To do this Void Ray rush, it is necessary to scout the opponent and at the same time try to prevent his ability to scout you. Scouting is the key to this strategy. When the enemy Probe gets in your base early, send a Probe right away to chase it. When you have Zealots, block the choke. (Or defend it with Cannons.) For your own scouting, since gas is going to be the more important resource, it would not hurt to warp in a Pylon or Assimilator inside the enemy base, just so you know what’s going on for a longer amount of time. Building Assimilators in the enemy base is even stronger for the Void Ray rush: you at least delay your opponent’s ability to gather gas. And if you delay your opponent’s gas, you also delay his ability to build Stalkers or Stargates.
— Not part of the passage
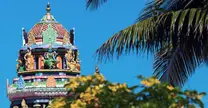 Nadi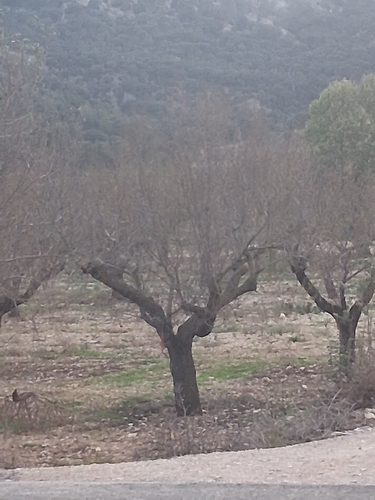 Prunus observed 2026-10-28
Okay, what if the enemy has Stalkers when your Void Ray arrives? Then your rush will appear to be a failure. If there’s just one Stalker, it might be possible to begin charging up on the Nexus, as the fully charged Void Ray should be able to take out a Stalker. But if he has multiple, your best bet is to pull back the Void Ray. At this point you have two options: play normally with a slightly higher tech but weaker economy, or continue on this air rush with the Mothership. What? How can the words “rush” and “Mothership” be in the same sentence? Well, perhaps it’s not a rush, but you’ll want to get a Mothership as soon as possible after the first Void Ray. A Fleet Beacon should come very quickly. You can use the Void Ray to scout the map. While the Mothership is building, construct another Stargate and another Void Ray. I had a game where my opponent, upon seeing my first Void Ray, tried to catch up to Void Rays as well, but it’s quite mathematically known that Mothership + Void Rays > Void Rays. With a strike force of a Mothership and two Void Rays, you should be able to demolish your enemy’s Nexus, shooting down things that get in the way.

Economically, you will probably have an excess of minerals while warping in the Mothership; that is a good time to expand. And make sure you fortify it with a few Photon Cannons. Warp Gates are very helpful for defense as well.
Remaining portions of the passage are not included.